Średniowieczna dosadność wyobrażeń wyobrażeń barokowa terribilita, jak niegdyś zwano ekspresję, siła kompozycji i delikatność kreski, rozbłyski światła wśród mroku klasycznego chiaroscuro, dramat i przymrużenie oka, lapidarność myślowej syntezy i rozlewna anegdota, fakt i metafora, horror vacui, lęk przed pustką i jej białe obszary nakładają się na siebie w sztuce Adama Pociechy. I łączą w spójną całość na nieantagonistycznej zasadzie wywarzonego kontrastu. Pierwszym co uderza w tej sztuce jest bogactwo. Bogactwo wyobraźni obu zasadniczych rodzajów, a mianowicie wyobraźni werbalnej, w której formułujemy nasze myśli, czy może literackiej nawet i wyobraźni plastycznej. Łatwość przekładania słów, skojarzeń i wniosków w widzialny kształt na prawach sprzężenia zwrotnego, w którym skutek oddziaływuje na przyczynę. W tym, konkretnym wypadku inspiracja myślowa poszukuje stosownej dla siebie formy po to jedynie, by ze swej strony podsunąć myśli swe, wnioski i dezyderaty. Granica się zaciera. Myśl jest jednak w formą, a plastyczny kształt staje się sposobem myślenia. Stąd, być może, bierze początek rozmaitość rozwiązań plastycznych Pociechy przy jednoczesnym zachowaniu nadrzędnego czynnika, jakim jest kontrast - jednaki z antytezą, - na którym opiera się wszak sztuka docierania do prawdy poprzez ujawnianie sprzeczności.

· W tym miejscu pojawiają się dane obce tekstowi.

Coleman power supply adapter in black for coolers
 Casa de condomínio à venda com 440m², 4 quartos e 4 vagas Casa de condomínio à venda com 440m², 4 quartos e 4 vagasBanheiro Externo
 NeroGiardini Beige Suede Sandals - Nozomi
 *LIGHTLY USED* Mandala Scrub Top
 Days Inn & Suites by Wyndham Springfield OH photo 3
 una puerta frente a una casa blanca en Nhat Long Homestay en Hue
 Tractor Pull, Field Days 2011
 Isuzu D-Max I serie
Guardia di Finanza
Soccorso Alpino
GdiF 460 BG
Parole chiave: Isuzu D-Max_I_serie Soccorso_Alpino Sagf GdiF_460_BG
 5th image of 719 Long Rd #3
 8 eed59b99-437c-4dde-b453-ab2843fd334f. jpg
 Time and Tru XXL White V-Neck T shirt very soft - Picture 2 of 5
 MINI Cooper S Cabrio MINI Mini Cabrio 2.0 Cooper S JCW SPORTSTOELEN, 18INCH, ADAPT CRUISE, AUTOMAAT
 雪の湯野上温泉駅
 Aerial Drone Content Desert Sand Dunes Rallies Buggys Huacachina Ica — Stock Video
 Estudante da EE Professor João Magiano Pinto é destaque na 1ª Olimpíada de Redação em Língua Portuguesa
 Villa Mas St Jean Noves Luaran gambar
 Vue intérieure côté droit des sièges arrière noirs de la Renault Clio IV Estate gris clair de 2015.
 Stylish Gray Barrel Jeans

Drugim jest perfekcjonizm, bo Adam Pociecha z całą świadomością i determinacją, lecz - jak należy sądzić - również radością, jaka daje swobodne operowanie warsztatem - dąży do jego doskonałości. Do tego, by każde dzieło miało wagę i wartość Meisterstucku, w którym ujawnia się całe mistrzostwo artysty. W tym również mistrzostwo misternym operowaniu szczegółem. Pociecha różnicuje kreskę i jej dukt, prosty lub płynny jak pęd żywej rośliny, mocny jak wykrzyknik lub zagadkowy znak zapytania, bo racje miał Walter Crane pisząc we wciąż nam jakby bliższych czasach secesji „Linia jest wszechdoniosła. Niechaj, więc artysta opiera się na linii - określającej, podkreślającej delikatnej, linii panującej i jednoczącej". Gdyż Adam Pociecha nigdy nie zerwał więzi, łączącej jego sztukę z wielkimi twórcami przeszłości. Wręcz przeciwnie nawet, czuje swe z nimi związki i pielęgnuje je z wyraźnym upodobaniem. Niemałą, więc rolę odegrała w rozwoju jego sztuki sławna krakowska szkoła grafiki, lecz bliższe jeszcze związki łączą go z mistrzami baroku i pokrewnymi im w sile wyrazu Goyą, bez których nie byłoby przecież Bacona i tylu, innych filarów sztuki naszego wieku. Czarno-białe grafiki są równie skromne jak grafiki jego świetnych poprzedników. Lecz to skromność pozorna.
Grafiki Pociechy zapraszają do ich spokojnej kontemplacji, do koneserskiego oglądania ich przez szkło powiększające nawet, lecz przede wszystkim do refleksji i powtórnej ich analizy. A wtedy odsłaniają drugą warstwę, po niej trzecią; po to by w końcu przemówić pełnym głosem. Bo szept może być dobitniejszy od krzyku.